Aside: The reason ls will be slower is due to RAM being over-allocated. Metadata for these commands is cached in RAM, so when that runs out, the OS has to pull things from disk.

fepegar commented 3 years ago

Thanks, @zacbaum.

Aside: The reason ls will be slower is due to RAM being over-allocated. Metadata for these commands is cached in RAM, so when that runs out, the OS has to pull things from disk.

Are you sure? I've noticed this when all cores are being 100% used, but there's a lot of RAM still available.

zacbaum commented 3 years ago

Are you sure? I've noticed this when all cores are being 100% used, but there's a lot of RAM still available.

Well if there's no RAM it will be, but it could also be compounded by lack of CPU - Entirely possible! And also likely if CPU util > 90% or so.

mathpluscode commented 3 years ago

@zacbaum @fepegar Hi, I've renamed the vars and changed the default behaviour :) please approve if it looks ok, thx!

mathpluscode commented 3 years ago

We need to be consistent throughout - things refer to parallel calls, CPUs, workers; to someone who has no idea what this means, this isn't helpful.

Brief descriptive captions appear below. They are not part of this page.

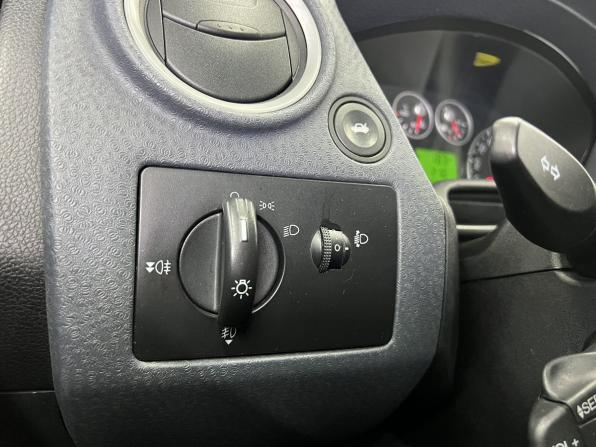 Ford Fusion I Рестайлинг с пробегом 2007 года, цена 429 000 рублей, 188000 км, хэтчбек, Автокод Объявления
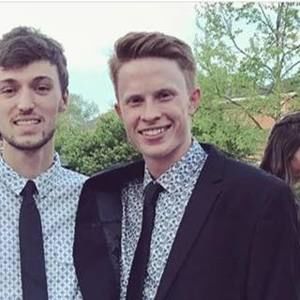 Meet your Posher, Thomas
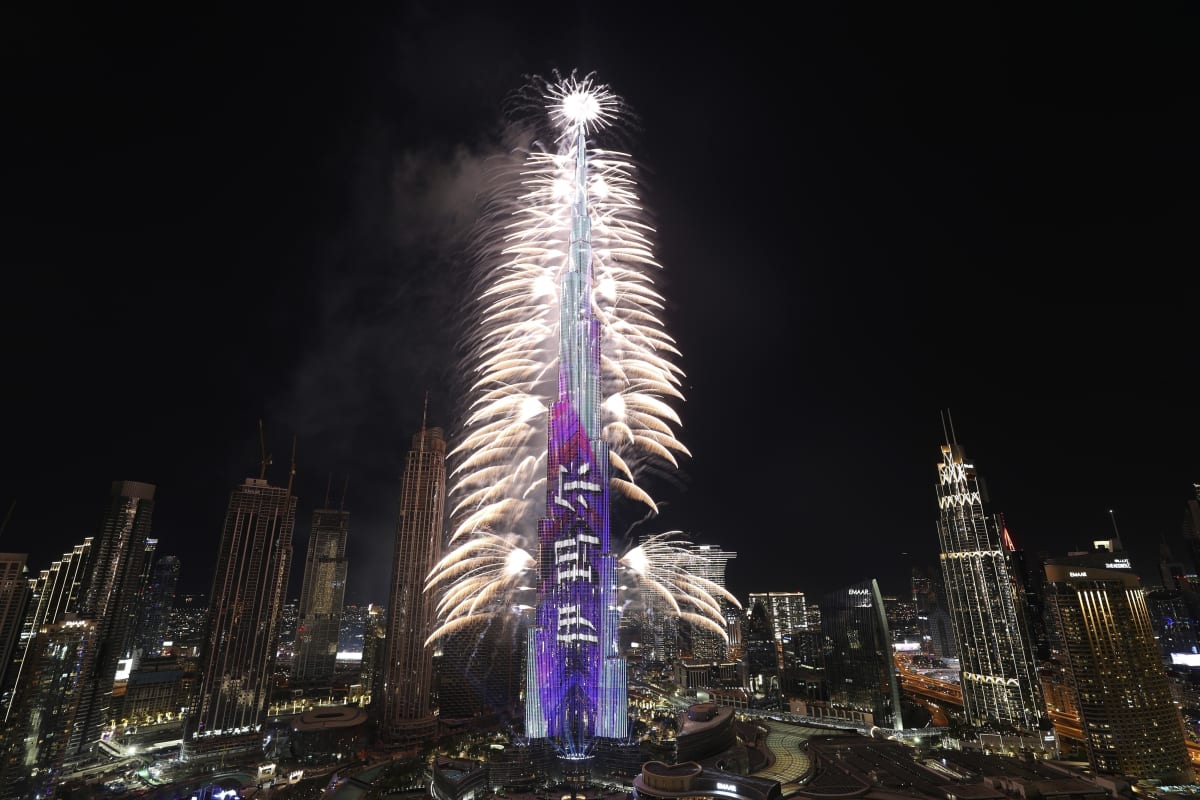 Nejvyšší budova světa Burdž Chalífa v Dubaji odstartoval Nový rok ohňostrojem.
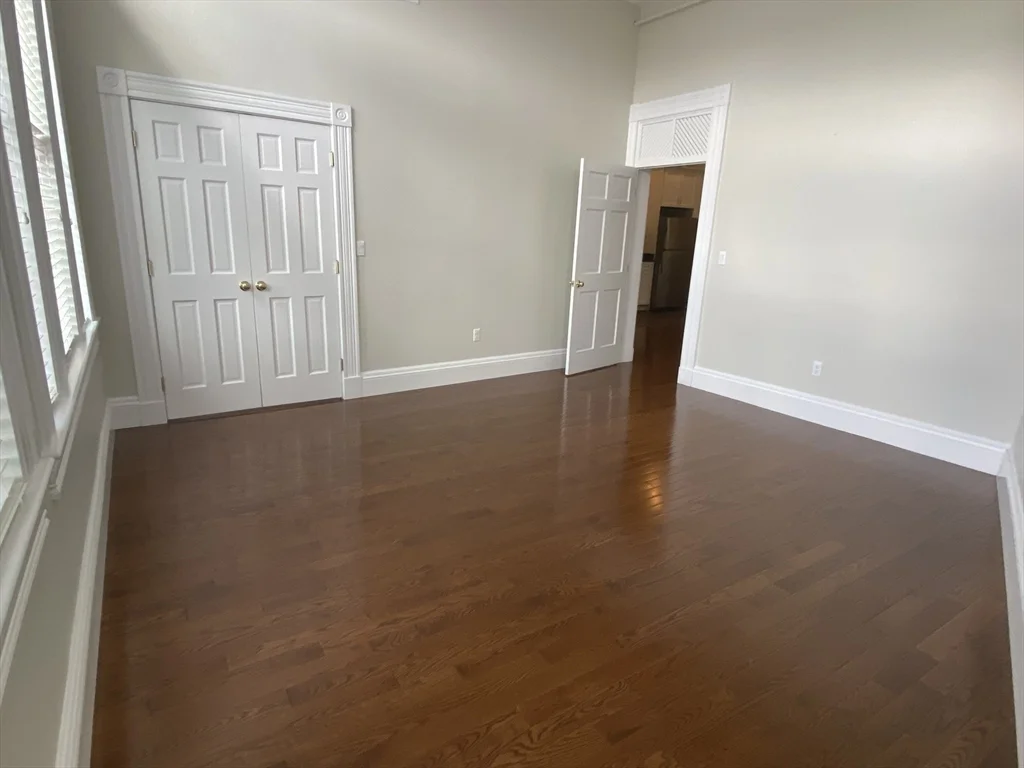 3 bed, 2 bath apartment for rent at 9 Mount Vernon St Unit A, Winchester — photo 10 of 16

Can we add some more detail to the docs for this to also say why someone may use this? (e.g. shared resource and don't want to leverage all the resource ;))

I tried again :)

number elements to process asynchronously in parallel
during preprocessing, -1 means unlimited, heuristically it should be set to
the number of CPU cores available. AUTOTUNE=-1 means not limited.

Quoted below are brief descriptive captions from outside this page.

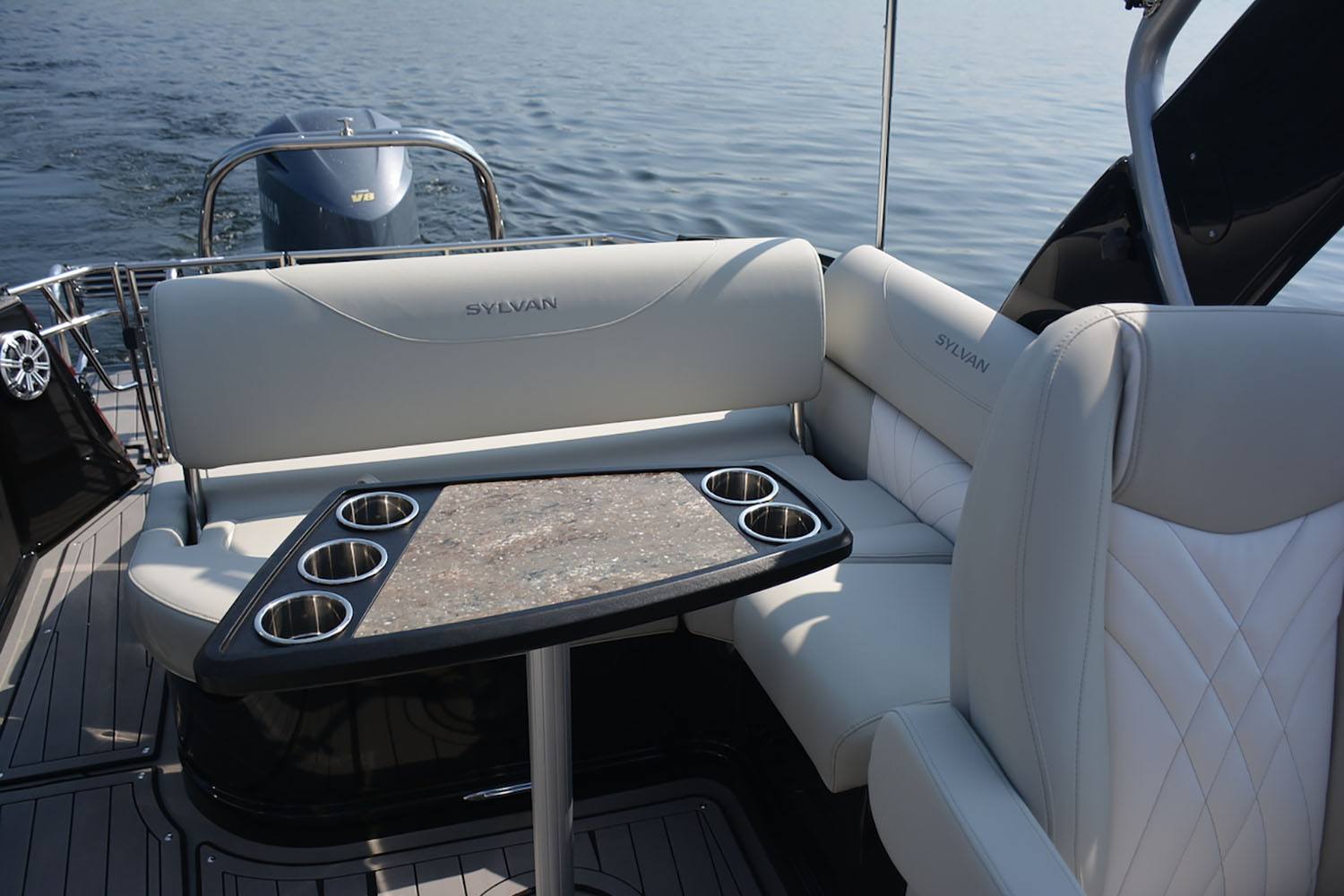 2024 Sylvan M5 CLZ DC in Paducah, Kentucky - Photo 8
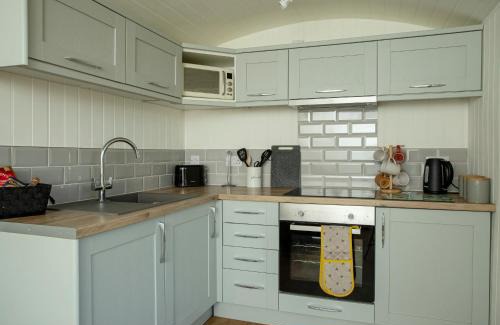 Frampton Ski Chalet | Escape to Yew Lodge: Railway Carriage with Hot Tub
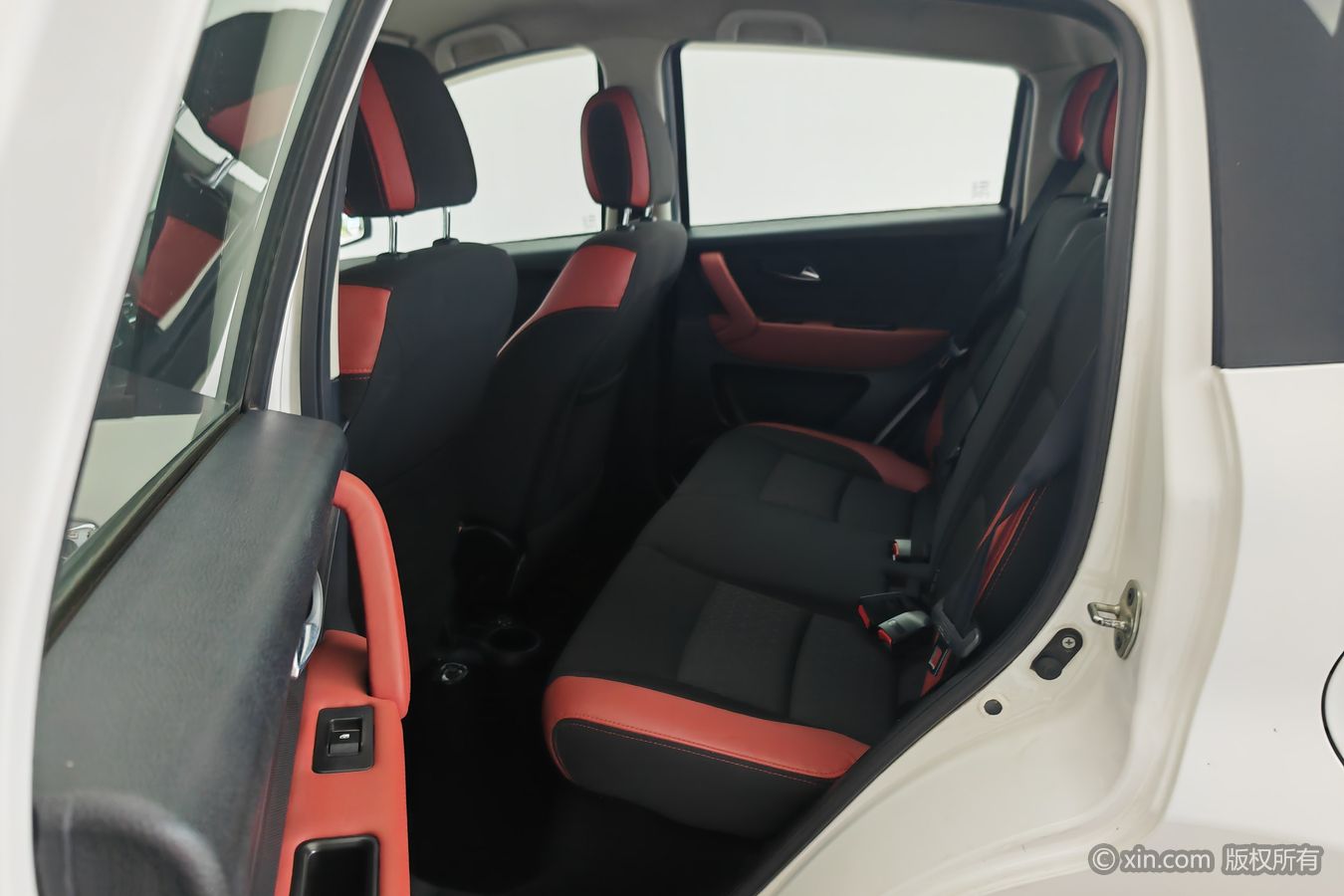 2017 #16 2017 car image #16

@zacbaum see if it's clear to you know, if not plz propose one lol

mathpluscode commented 3 years ago

@zacbaum :0 I'm still waiting for approvals :)

fepegar commented 3 years ago

@mathpluscode By default, all CPU cores are used?

zacbaum commented 3 years ago

@zacbaum :0 I'm still waiting for approvals :)

@mathpluscode, I have left a few comments --

I (along with many others) was not working during the Easter break, and certainly not at 11:56pm on a Friday when you tagged me, so you'll have to forgive the wait...

mathpluscode commented 3 years ago

@mathpluscode By default, all CPU cores are used?

By default, CPU is limited to 1 at the very beginning with the definition of the environment variables. So the num_parallel_call will be limited by that.

I insist on not setting both to 1, as if the user does not want any limit, he/she has to modify two values. Now, you can limit the CPUs with one single value, as another one is bounded by the previous one.